I saw the photo of this dish on Pinterest and it looked so dang yummy, I knew I had to try and make it vegetarian. And I did. And it’s yummy. 🙂 I looked for vegetarian shrimp at Wegmans, but they were out of the “naked” shrimp, so my only other option was breaded. Not ideal, but it still worked. It took a LONG time for my grits to not be “gritty”. I had to add additional liquid and keep stirring. Also, my sauce was ready way before my grits were, so I had to add additional liquid to that, too, and it ended up being too runny. But it still tasted fantastic! Next time I would leave out the mushrooms, or chop them up. Husband said this tasted like a dish you would have at a very fancy restaurant. It was SO good, but very rich, so no one had seconds. Really good, though! NOTE: for my “shrimp”, I just pan-fried them.
Grits a Ya Ya
time needed: 50 min.
2 cups vegetable broth
¼ cup heavy cream
¼ cup evaporated milk [or regular milk]
1 cup of old fashioned grits
4 TBSP unsalted butter
¼ lb gouda cheese, freshly grated
for the sauce:
¼ cup heavy cream
¼ cup evaporated milk
2 TBSP butter
3 TBSP minced onion
½ tbsp minced garlic [approx. 2 cloves]
1 cup spinach, chopped or torn
1 cup portobello mushroom, chopped or sliced
2 TBSP green onion, chopped
salt, pepper, and hot sauce to taste
a drizzle of oil, for sauteing
for the shrimp (I used vegetarian shrimp):
½ pound shrimp, peeled and deveined [tail on or off – up to you!]
salt, to taste
Top with extra chopped green onion and a pinch of red pepper flakes
As a quick note before you start: having everything prepped and ready to toss together ahead of time will save time. You can also multitask by starting the grits first and, while they cook, whip up the sauce and shrimp. This way they’ll all be done around the same time so you can plate it all up and dig in!
First bring vegetable broth to a boil in medium-sized pot.
At a rolling boil, add in grits and stir constantly [this doubles as an arm workout – score!]
Reduce heat to lowest setting and simmer for 30-40 minutes, stirring occasionally.
When the grits start to soak up the broth, add in the evaporated milk and stir.
Once their time is just about up, fold in the butter and heavy cream.
Lastly add the grated gouda and stir thoroughly until smooth and creamy.
While the grits are simmering away, bring a large non-stick pan to medium heat and saute the white/yellow onion and garlic in a teeny drizzle of your favorite healthy oil, taking care not to burn the garlic.

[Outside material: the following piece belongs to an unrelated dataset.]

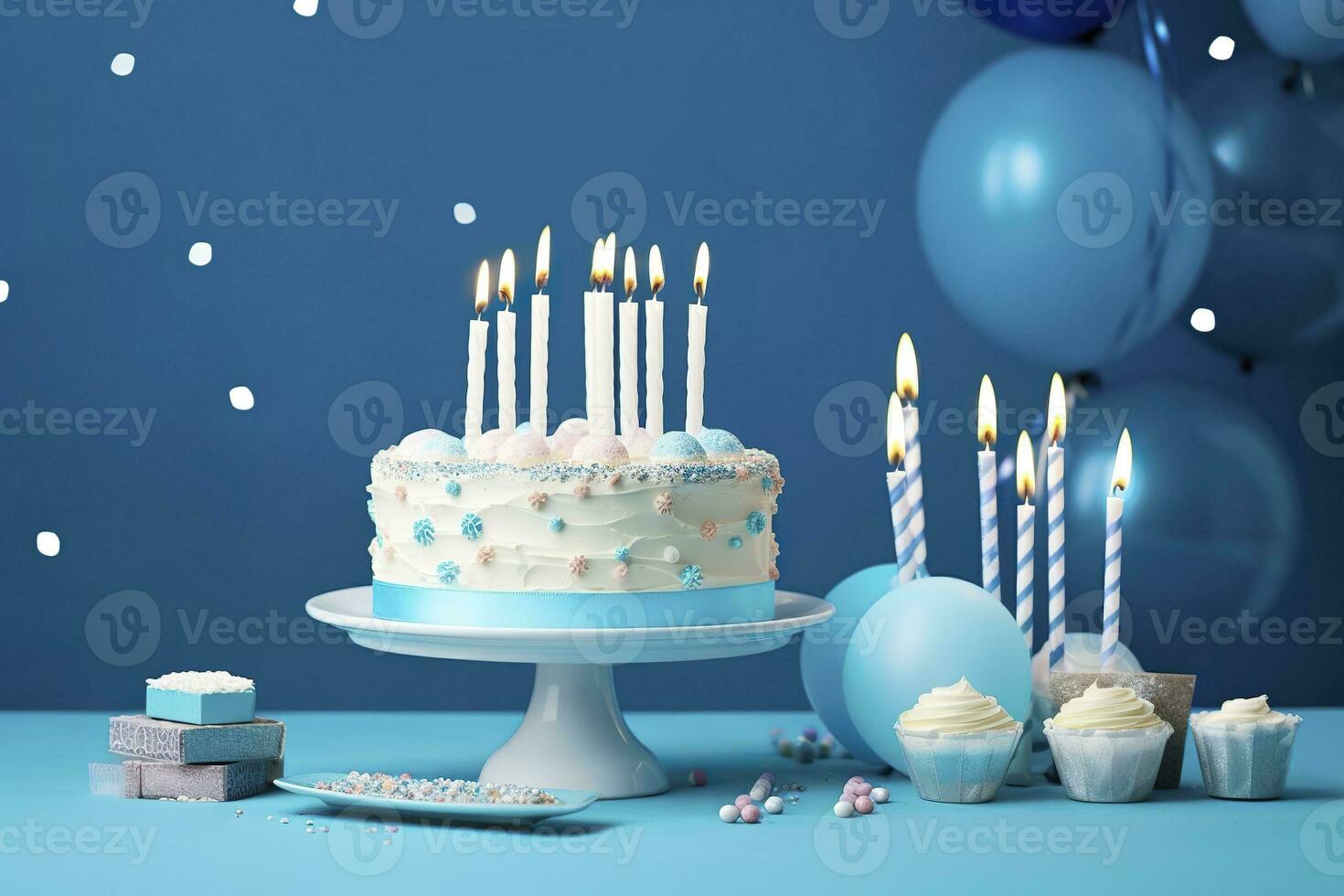 ai generiert Geburtstag Kuchen mit Kerzen und Süßigkeiten auf Weiß Tabelle in der Nähe von Blau Mauer. generativ ai foto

Once tender, add in butter, mushrooms, and shrimp and saute until the shrimp are just barely opaque before scooping out the shrimp and setting them aside. This way when you add the shrimp back to the pan they can continue cooking without overcooking. You can also choose to simply saute the shrimp at the very end, if desired!
After removing the shrimp, add spinach, green onion, and heavy cream and allow it to simmer while you stir to reduce the sauce.
Once it reaches desired thickness, season with a pinch of salt and pepper and a dash of hot sauce, to taste.
Pour sauce into a bowl and add a drizzle of oil to your now-empty pan.
Turn up the heat and finish cooking the shrimp, seasoning it with garlic powder, cayenne, parsley and salt, if desired.
Ready to eat? Spoon the sauce and shrimp onto heaping mounds of the cheese grits and top with chopped green onion and a pinch of red pepper flakes.